It also contains the two Hawaii shows themselves. These are, frankly, sloppy, but enjoyably so — and also, they’re the last ever recordings of the five original Beach Boys performing as a band, without additional members. The setlists are *weird* — a mixture of then-recent stuff like “Gettin’ Hungry” and “Heroes & Villains” and throwbacks to their very early years (in the performances of “Surfin'”, which the band hadn’t performed live in years even then, Brian sings the melody to another surfing song from that time, “Underwater” by the Frogmen — the next year he’d reuse that melody for “Do It Again”). The sets are only short — twelve songs the first night and thirteen the second — but there’s a strange beauty to the performances, which sound like a stoned collision between a garage-rock band like the Kingsmen and a heavenly choir, performing in front of a crowd of confused teenyboppers.

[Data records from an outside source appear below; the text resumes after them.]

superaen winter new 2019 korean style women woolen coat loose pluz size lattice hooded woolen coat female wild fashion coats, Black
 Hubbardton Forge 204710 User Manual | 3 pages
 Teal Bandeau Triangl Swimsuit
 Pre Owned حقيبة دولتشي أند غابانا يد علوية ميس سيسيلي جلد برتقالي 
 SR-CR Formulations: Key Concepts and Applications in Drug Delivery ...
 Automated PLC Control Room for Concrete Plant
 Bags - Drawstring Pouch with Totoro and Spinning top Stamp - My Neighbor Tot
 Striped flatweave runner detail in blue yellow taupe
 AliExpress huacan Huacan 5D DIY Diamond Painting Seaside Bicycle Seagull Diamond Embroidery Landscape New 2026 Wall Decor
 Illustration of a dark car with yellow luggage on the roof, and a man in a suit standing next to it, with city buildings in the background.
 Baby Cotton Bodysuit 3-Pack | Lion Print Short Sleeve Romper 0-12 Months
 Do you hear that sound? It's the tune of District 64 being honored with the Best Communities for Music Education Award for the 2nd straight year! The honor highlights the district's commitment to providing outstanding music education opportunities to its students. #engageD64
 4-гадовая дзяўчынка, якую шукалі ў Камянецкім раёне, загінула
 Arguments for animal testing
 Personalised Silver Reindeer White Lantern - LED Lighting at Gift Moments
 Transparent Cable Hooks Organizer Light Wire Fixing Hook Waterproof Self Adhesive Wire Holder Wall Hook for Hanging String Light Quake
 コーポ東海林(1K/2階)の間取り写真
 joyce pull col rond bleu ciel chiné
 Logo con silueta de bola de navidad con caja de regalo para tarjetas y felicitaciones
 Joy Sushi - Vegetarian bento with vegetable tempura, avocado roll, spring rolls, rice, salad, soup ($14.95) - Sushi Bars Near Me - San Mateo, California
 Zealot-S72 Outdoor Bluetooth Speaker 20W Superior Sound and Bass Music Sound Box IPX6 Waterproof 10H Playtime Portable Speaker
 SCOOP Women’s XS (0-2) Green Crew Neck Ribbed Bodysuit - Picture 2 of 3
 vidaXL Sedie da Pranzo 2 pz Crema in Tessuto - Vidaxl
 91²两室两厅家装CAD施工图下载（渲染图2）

(A note there, I say they sound stoned, but I don’t mean that in the bad critic, “they sound like U2… but on drugs!” way as a marker for anything even slightly weird. I mean it in the sense that these performances sound like people who have smoked entirely too much marijuana before going on stage).

After these Hawaii performances, there are five (!) further shows, this time featuring the band’s then-normal touring lineup (with Bruce Johnston, but without Brian Wilson) performing their normal live set. These sets are all much more professional sounding, and have similar setlists to each other, all being recorded in a one-week period — they’re all very similar to Graduation Day, except with “Wild Honey”, and “Darlin'” added in place of “You’ve Got To Hide Your Love Away” and the surf medley (and sometimes with other changes — there’s one performance each of “Country Air” and “How She Boogalooed It”).

Unless you are actually me, or have a similar level of Beach Boys obsession, you don’t actually *need* these new recordings. But if, like me, you love the Beach Boys’ late-60s recordings, you’ll find a hell of a lot here to bring you a lot of pleasure.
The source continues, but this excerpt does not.